▶ [Instructions for the task]: Below are some entries. Reproduce them word for word.

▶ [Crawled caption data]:

# # # #

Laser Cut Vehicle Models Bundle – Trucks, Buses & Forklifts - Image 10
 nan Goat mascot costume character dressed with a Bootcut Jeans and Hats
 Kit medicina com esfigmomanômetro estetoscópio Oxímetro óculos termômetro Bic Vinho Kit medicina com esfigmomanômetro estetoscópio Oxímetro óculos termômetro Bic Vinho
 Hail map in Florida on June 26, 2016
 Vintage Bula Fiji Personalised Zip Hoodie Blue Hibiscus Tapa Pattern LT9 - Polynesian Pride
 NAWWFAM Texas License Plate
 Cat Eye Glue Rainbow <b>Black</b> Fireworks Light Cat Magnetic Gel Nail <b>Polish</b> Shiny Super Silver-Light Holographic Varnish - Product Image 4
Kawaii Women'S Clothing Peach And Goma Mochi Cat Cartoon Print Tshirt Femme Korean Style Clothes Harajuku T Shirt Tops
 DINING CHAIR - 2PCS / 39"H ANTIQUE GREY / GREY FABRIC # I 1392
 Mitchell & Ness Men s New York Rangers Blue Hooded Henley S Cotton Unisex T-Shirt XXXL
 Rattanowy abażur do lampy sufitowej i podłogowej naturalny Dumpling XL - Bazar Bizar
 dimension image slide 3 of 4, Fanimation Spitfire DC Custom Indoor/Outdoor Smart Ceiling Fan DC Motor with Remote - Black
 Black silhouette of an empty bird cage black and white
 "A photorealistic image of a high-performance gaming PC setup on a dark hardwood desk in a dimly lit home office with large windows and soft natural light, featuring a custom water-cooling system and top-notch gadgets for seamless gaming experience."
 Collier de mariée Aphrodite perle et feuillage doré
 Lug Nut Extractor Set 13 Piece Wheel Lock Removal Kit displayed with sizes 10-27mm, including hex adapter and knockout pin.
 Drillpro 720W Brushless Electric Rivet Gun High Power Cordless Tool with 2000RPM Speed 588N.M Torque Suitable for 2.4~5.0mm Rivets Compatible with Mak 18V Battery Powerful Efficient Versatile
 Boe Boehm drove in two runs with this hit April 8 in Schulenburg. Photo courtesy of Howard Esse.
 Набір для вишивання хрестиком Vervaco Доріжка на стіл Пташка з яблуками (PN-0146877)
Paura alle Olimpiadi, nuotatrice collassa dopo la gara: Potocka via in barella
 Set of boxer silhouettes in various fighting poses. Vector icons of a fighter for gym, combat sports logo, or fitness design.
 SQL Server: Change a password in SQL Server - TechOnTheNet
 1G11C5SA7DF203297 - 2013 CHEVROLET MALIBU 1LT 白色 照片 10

# # # #

▶ [Response to the exercise]:
Laser Cut Vehicle Models Bundle – Trucks, Buses & Forklifts - Image 10
 nan Goat mascot costume character dressed with a Bootcut Jeans and Hats
 Kit medicina com esfigmomanômetro estetoscópio Oxímetro óculos termômetro Bic Vinho Kit medicina com esfigmomanômetro estetoscópio Oxímetro óculos termômetro Bic Vinho
 Hail map in Florida on June 26, 2016
 Vintage Bula Fiji Personalised Zip Hoodie Blue Hibiscus Tapa Pattern LT9 - Polynesian Pride
 NAWWFAM Texas License Plate
 Cat Eye Glue Rainbow <b>Black</b> Fireworks Light Cat Magnetic Gel Nail <b>Polish</b> Shiny Super Silver-Light Holographic Varnish - Product Image 4
Kawaii Women'S Clothing Peach And Goma Mochi Cat Cartoon Print Tshirt Femme Korean Style Clothes Harajuku T Shirt Tops
 DINING CHAIR - 2PCS / 39"H ANTIQUE GREY / GREY FABRIC # I 1392
 Mitchell & Ness Men s New York Rangers Blue Hooded Henley S Cotton Unisex T-Shirt XXXL
 Rattanowy abażur do lampy sufitowej i podłogowej naturalny Dumpling XL - Bazar Bizar
 dimension image slide 3 of 4, Fanimation Spitfire DC Custom Indoor/Outdoor Smart Ceiling Fan DC Motor with Remote - Black
 Black silhouette of an empty bird cage black and white
 "A photorealistic image of a high-performance gaming PC setup on a dark hardwood desk in a dimly lit home office with large windows and soft natural light, featuring a custom water-cooling system and top-notch gadgets for seamless gaming experience."
 Collier de mariée Aphrodite perle et feuillage doré
 Lug Nut Extractor Set 13 Piece Wheel Lock Removal Kit displayed with sizes 10-27mm, including hex adapter and knockout pin.
 Drillpro 720W Brushless Electric Rivet Gun High Power Cordless Tool with 2000RPM Speed 588N.M Torque Suitable for 2.4~5.0mm Rivets Compatible with Mak 18V Battery Powerful Efficient Versatile
 Boe Boehm drove in two runs with this hit April 8 in Schulenburg. Photo courtesy of Howard Esse.
 Набір для вишивання хрестиком Vervaco Доріжка на стіл Пташка з яблуками (PN-0146877)
Paura alle Olimpiadi, nuotatrice collassa dopo la gara: Potocka via in barella
 Set of boxer silhouettes in various fighting poses. Vector icons of a fighter for gym, combat sports logo, or fitness design.
 SQL Server: Change a password in SQL Server - TechOnTheNet
 1G11C5SA7DF203297 - 2013 CHEVROLET MALIBU 1LT 白色 照片 10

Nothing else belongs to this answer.